Re: [patch v3] swap: virtual swap readahead

From: Johannes Weiner <hannes@cmpxchg.org>
To: Wu Fengguang <fengguang.wu@intel.com>
Cc: Andrew Morton <akpm@linux-foundation.org>,
	Rik van Riel <riel@redhat.com>,
	Hugh Dickins <hugh.dickins@tiscali.co.uk>,
	Andi Kleen <andi@firstfloor.org>,
	KAMEZAWA Hiroyuki <kamezawa.hiroyu@jp.fujitsu.com>,
	Minchan Kim <minchan.kim@gmail.com>,
	"linux-mm@kvack.org" <linux-mm@kvack.org>,
	"linux-kernel@vger.kernel.org" <linux-kernel@vger.kernel.org>
Subject: Re: [patch v3] swap: virtual swap readahead
Date: Wed, 10 Jun 2009 09:45:08 +0200	[thread overview]
Message-ID: <20090610074508.GA1960@cmpxchg.org> (raw)
In-Reply-To: <20090610050342.GA8867@localhost>

Hi Fengguang,

On Wed, Jun 10, 2009 at 01:03:42PM +0800, Wu Fengguang wrote:
> On Wed, Jun 10, 2009 at 03:37:02AM +0800, Johannes Weiner wrote:
> > On Tue, Jun 09, 2009 at 09:01:28PM +0200, Johannes Weiner wrote:
> > > [resend with lists cc'd, sorry]
> > 
> > [and fixed Hugh's email.  crap]
> > 
> > > Hi,
> > > 
> > > here is a new iteration of the virtual swap readahead.  Per Hugh's
> > > suggestion, I moved the pte collecting to the callsite and thus out
> > > ouf swap code.  Unfortunately, I had to bound page_cluster due to an
> > > array of that many swap entries on the stack, but I think it is better
> > > to limit the cluster size to a sane maximum than using dynamic
> > > allocation for this purpose.
> 
> Hi Johannes,
> 
> When stress testing your patch, I found it triggered many OOM kills.
> Around the time of last OOMs, the memory usage is:
> 
>              total       used       free     shared    buffers     cached
> Mem:           474        468          5          0          0        239
> -/+ buffers/cache:        229        244
> Swap:         1023        221        802

Wow, that really confused me for a second as we shouldn't read more
pages ahead than without the patch, probably even less under stress.
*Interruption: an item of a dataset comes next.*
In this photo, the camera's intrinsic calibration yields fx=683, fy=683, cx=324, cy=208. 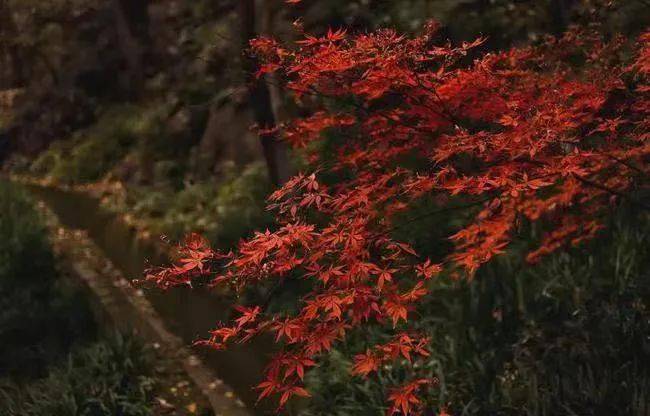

So the problem has to be a runaway reading.  And indeed, severe
stupidity here:

+       window = cluster << PAGE_SHIFT;
+       min = addr & ~(window - 1);
+       max = min + cluster;
+       /*
+        * To keep the locking/highpte mapping simple, stay
+        * within the PTE range of one PMD entry.
+        */
+       limit = addr & PMD_MASK;
+       if (limit > min)
+               min = limit;
+       limit = pmd_addr_end(addr, max);
+       if (limit < max)
+               max = limit;
+       limit = max - min;

The mistake is at the initial calculation of max.  It should be

	max = min + window;

The resulting problem is that min could get bigger than max when
cluster is bigger than PMD_SHIFT.  Did you use page_cluster == 5?

The initial min is aligned to a value below the PMD boundary and max
based on it with a too small offset, staying below the PMD boundary as
well.  When min is rounded up, this becomes a bit large:

	limit = max - min;

So if my brain is already functioning, fixing the initial max should
be enough because either

	o window is smaller than PMD_SIZE, than we won't round down
	below a PMD boundary in the first place or

	o window is bigger than PMD_SIZE, than we can round down below
	a PMD boundary but adding window to that is garuanteed to
	cross the boundary again

and thus max is always bigger than min.

Fengguang, does this make sense?  If so, the patch below should fix
it.

Thank you,

	Hannes

--- a/mm/memory.c
+++ b/mm/memory.c
@@ -2467,7 +2467,7 @@ static int swap_readahead_ptes(struct mm
 
 	window = cluster << PAGE_SHIFT;
 	min = addr & ~(window - 1);
-	max = min + cluster;
+	max = min + window;
 	/*
 	 * To keep the locking/highpte mapping simple, stay
 	 * within the PTE range of one PMD entry.